Given data.
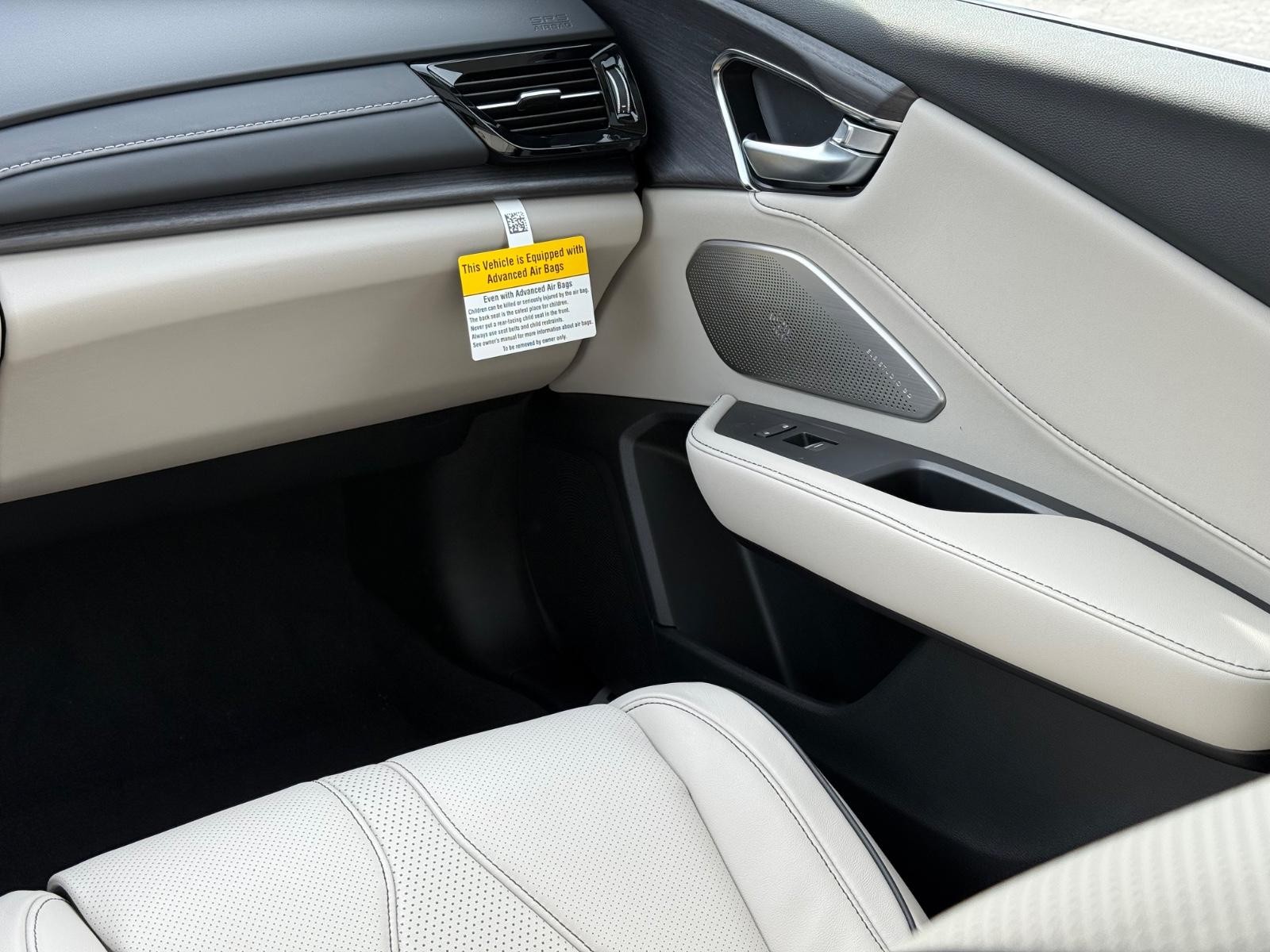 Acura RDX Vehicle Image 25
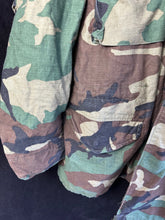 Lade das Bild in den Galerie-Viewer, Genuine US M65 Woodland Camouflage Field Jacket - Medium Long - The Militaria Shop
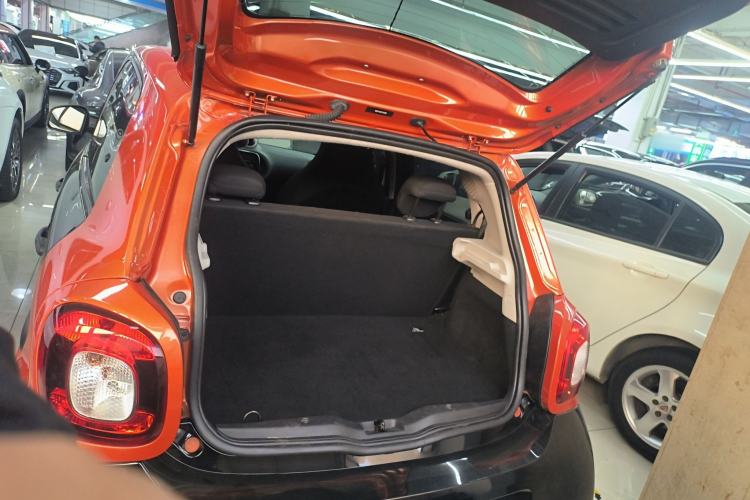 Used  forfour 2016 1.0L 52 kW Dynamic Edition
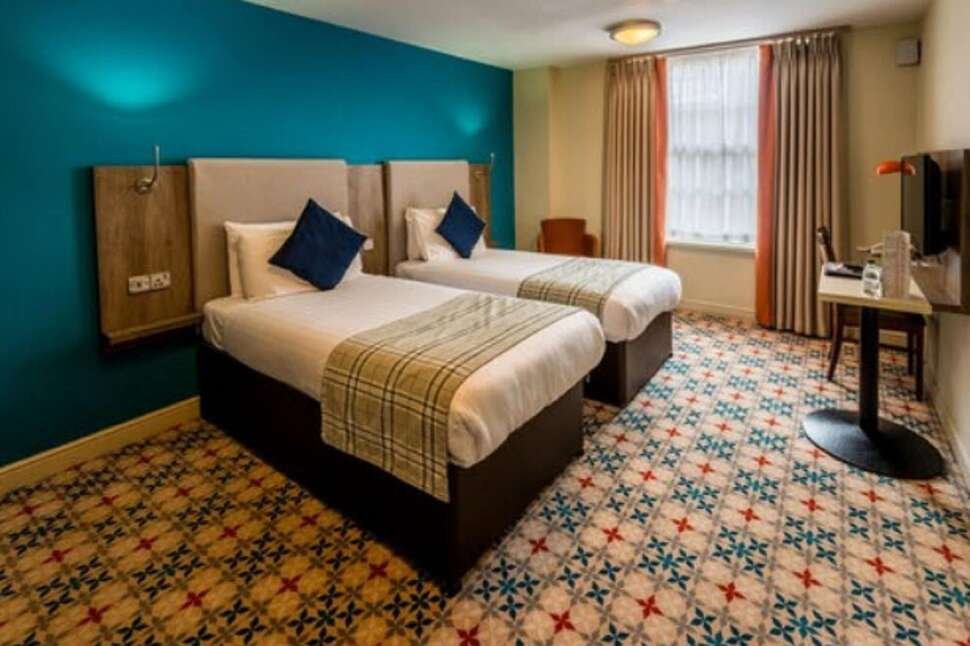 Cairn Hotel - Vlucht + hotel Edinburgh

The problem. From the line containing "Lade das Bild" to the last line of the material, every line is to be reproduced exactly. No picture belongs in the copy.

Solution.
 Lade das Bild in den Galerie-Viewer, Genuine US M65 Woodland Camouflage Field Jacket - Medium Long - The Militaria Shop
 Used  forfour 2016 1.0L 52 kW Dynamic Edition
 Cairn Hotel - Vlucht + hotel Edinburgh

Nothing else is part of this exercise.